- 2007 - Chris Little - transfer/host of issues
2007 - Sturdivant - injured
2007 - Boling - star
2008 - Glenn - star
2008 - Harmon - transfer/grades
2009 - Austin Long - injured
2010 - Benedict - transfer/injured
2010 - Gates - better suited to guard/starter
2010 - Houston - roids/NCAA
2011 - Ward - injured/young/small
2011 - Dantzler - injured much of this year
2011 - DeBell - I have no idea
2012 - Beard - typical juco backup
2012 - Theus - overmatched freshman doing his best
The good news...if Tunsil commits/stays healthy and Theus makes the normal Year 2 improvements, we'll have two blue chippers on campus at OT for the first time since Foster and Stinchcomb played together.
And that was a mighty long time ago.
PWD
8 comments:
If your sample size is 5 years or more, it's not a matter of luck.
No amount of talent will matter until we have a coach that can coach up the talent and win big games.
Agreed overall.

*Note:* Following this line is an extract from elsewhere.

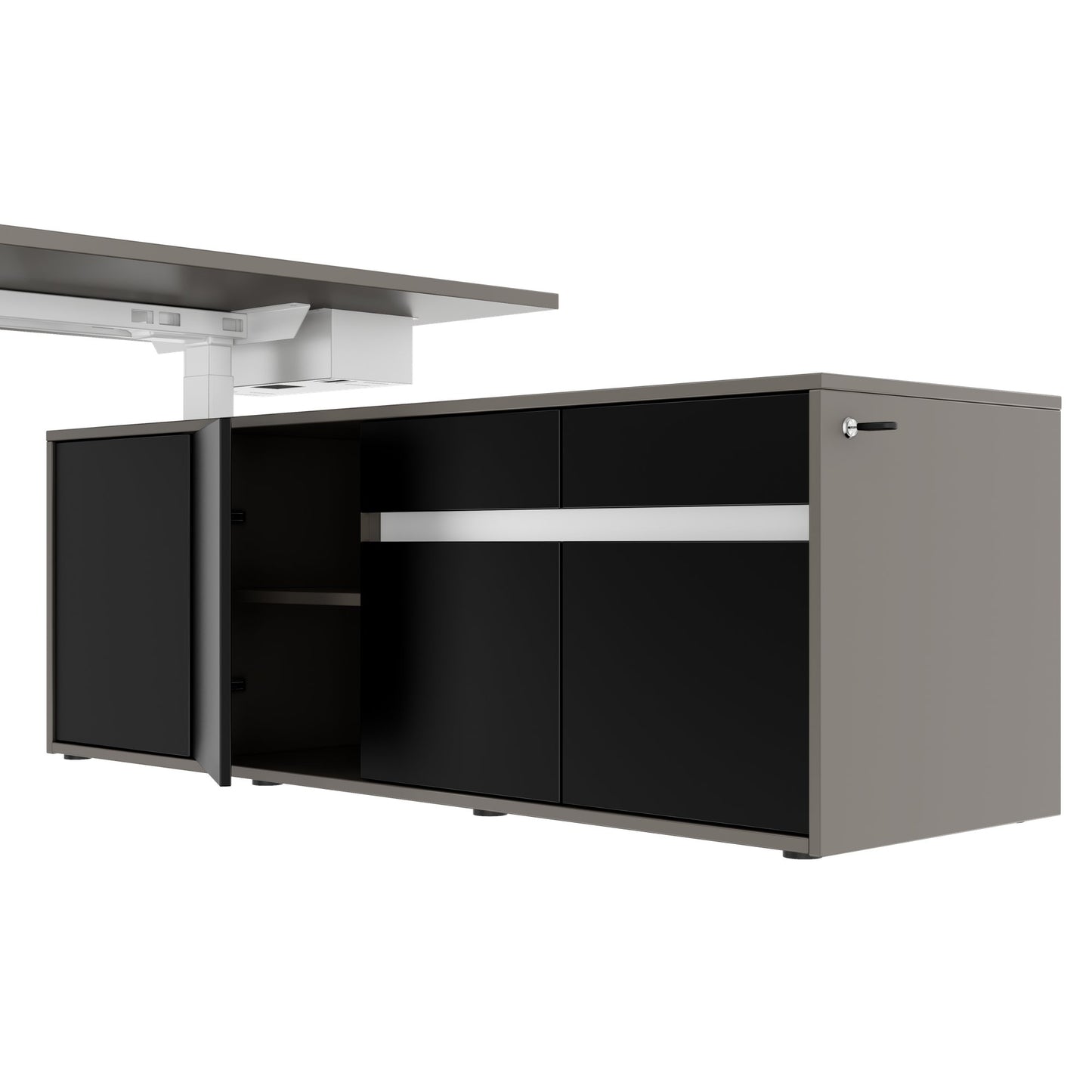 MOTION 2-Motoren-Schreibtisch mit Sideboard | Elektrisch höhenverstellbar, 2000 x 1800 mm, Cubanitgrau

But there is certainly some luck in there with Sturdy, Long and Benedict. If any of those 4-5 star OTs had been 2-3 year starters it would have changed the course of multiple games.

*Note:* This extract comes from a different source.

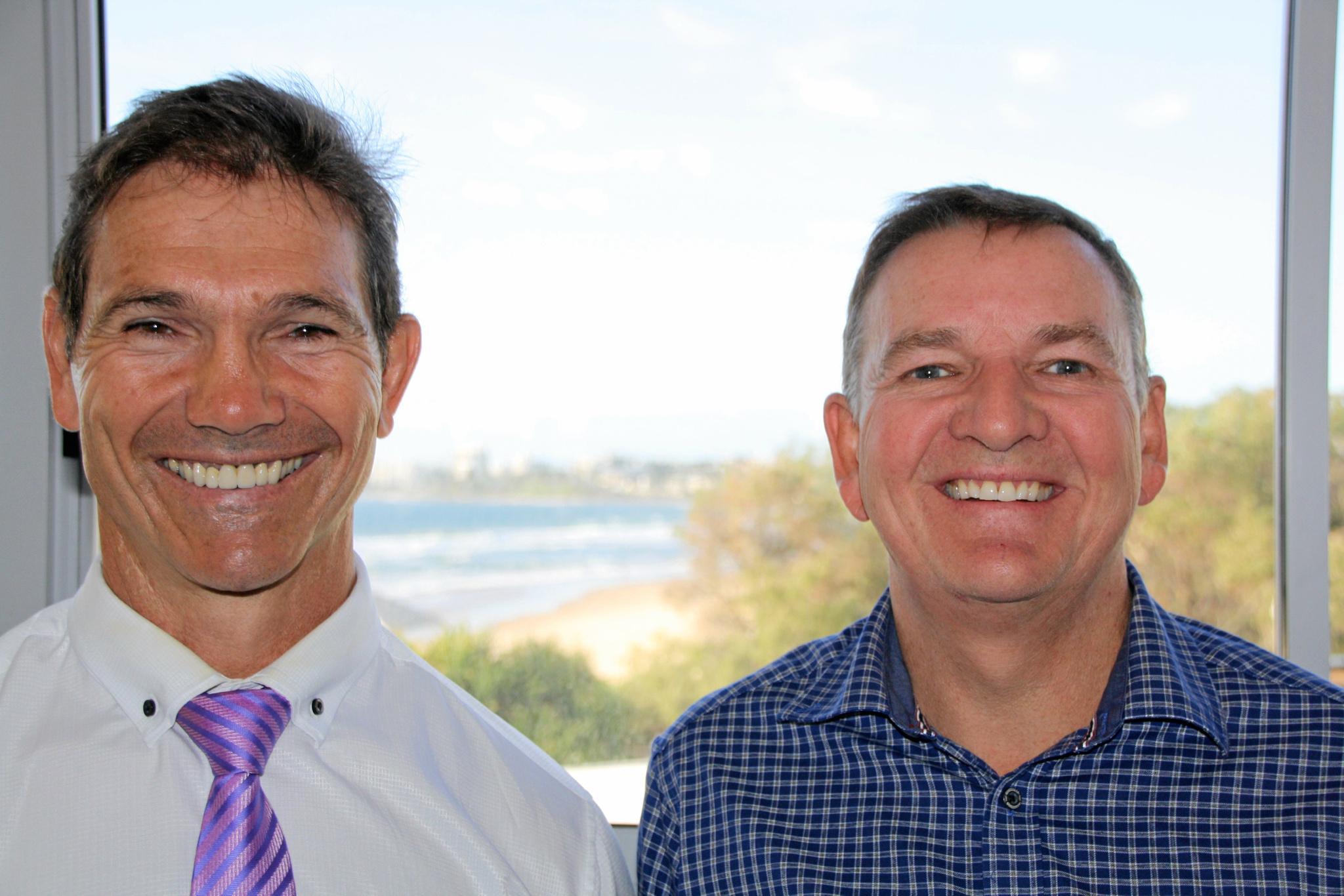 Dan Staines and Phil Tyler of Pelican Waters at the Urban Development Institute of Australia (Qld) breakfast at Maroochydore Surf Club last Friday. Picture: Erle Levey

We are recruiting too few elite OTs. That's the real moral of the story to me.
Think back to the 2004 UGA at AU game. I believe if you swap Dan Inman for Marcus McNeil ( a trade off Callaway actually made ) then I'm not sure the outcome of those 2 teams seasons would have been the same.
So this issue has been around for a while.
I also think this is where Nick Saban's oversigning really pays off. The kids who aren't panning out, like a Long, Ward, or Debell, he'd "advise" going elsewhere, and replace them with another blue chip type. OL recruiting is the toughest recruiting in football imo, and cutting the bad choices while increasing your overall # of possible good choices allows for their monster OLs while we struggle to come up with a decent first unit.
You list Glenn as "star", but I can't get the image of him being repeatedly schooled by Boise's DEs out of my head. He's obviously a star in the sense that he's now a starting NFL LT as a rookie, but he did not play to his level of talent while in college. My point being, I wonder how good the offensive line coaching really is at UGA.
You mean schooled by Shea McClellin, the 1st round draft pick that is being groomed to be Brian F'ing Urlacher's successor? That guy?
Glenn was just a run of the mill, 50 game starter in the SEC, who was an All-American. Playing out of position. Yeah, that guy sucked.
This is why it's infuriating that we've been leaving scholarships on the table when we have GLARING needs.
Disagree. It's not a recruiting or bad luck/injuries issue.
The issue is much simpler: Richt has never really wanted a physical offensive line. It's simply not a priority.
(Compare the way our OL played vs. SCU and the way LSU's (with 2 freshman) played vs. SCU. Miles makes physical OL play a priority.)
Often in life things are the way they are because that's how people want them.